Sussurrò quella domanda con una vocina così sottile da non somigliare per nulla alla sua. Le lacrime, che non conoscevano orgoglio e compostezza, sconfissero la necessità della giovane d’apparire stoica e adulta, scorrendo lungo le guance una dietro l’altra. Nessun singhiozzo per Hermione, ma solo labbra serrate e assottigliate e gocce d’acqua salata sul volto e sul collo e poi ovunque; quel pianto silenzioso le marchiava tutto il corpo. A Fred bastò solo guardarla per ammalarsi di lei ancora una volta.
Già, ammalarsi.
La prima volta che aveva maturato quella strana definizione, il suo rapporto con Hermione aveva due mesi e un litigio al gusto di incomprensioni reciproche minacciava una rottura permanente. In quell’occasione, Fred proprio non aveva capito che scegliere di trascorrere il finesettimana in montagna con George e Lee avrebbe potuto ferire Hermione, che riusciva a vederlo solo nei finesettimana. In quell’occasione, Fred aveva continuato a scriverle lettere, dicendole che i finesettimana non erano merce a esaurimento, bensì infiniti, e loro due avevano migliaia di finesettimana a disposizione. In quell’occasione, Fred aveva infine rinunciato alla montagna e a Lee e a George e s’era recato a Hogsmeade con la voglia di strattonare Hermione, litigarci e poi baciarla sino a quando il respiro non fosse mancato. E fu proprio in quell’occasione che si disse ammalato di lei, perché finalmente conscio d’esserne innamorato. Ma innamorato era sempre stata una parola che l’aveva fatto rabbrividire, nauseare e, a dirla tutta, spaventare; così, s’era inventato una nuova parola, che racchiudeva tutto ciò che di sbagliato c’era per Fred nell’amore, e la parola era ammalato.
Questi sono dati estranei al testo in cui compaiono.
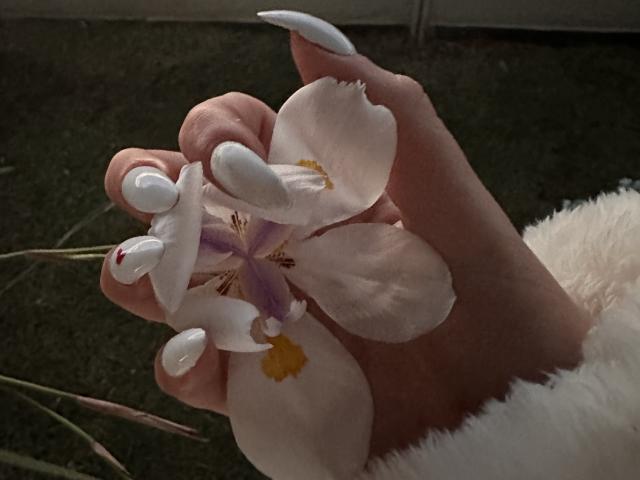 IzzysMisss's hand with long white claws holding a pink flower with purple and yellow center, wearing a fluffy white sleeve, against dark green grass.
Dopotutto, l’amore per il giovane Weasley era sempre stato etichettato come un’infida malattia, una di quelle contagiose, che prima di manifestarsi aspettavano d’aver ormai schiavizzato tutto il tuo corpo, una malattia di cui era nota la cura, ma si trattava di una cura costosissima, lunga e dolorosa.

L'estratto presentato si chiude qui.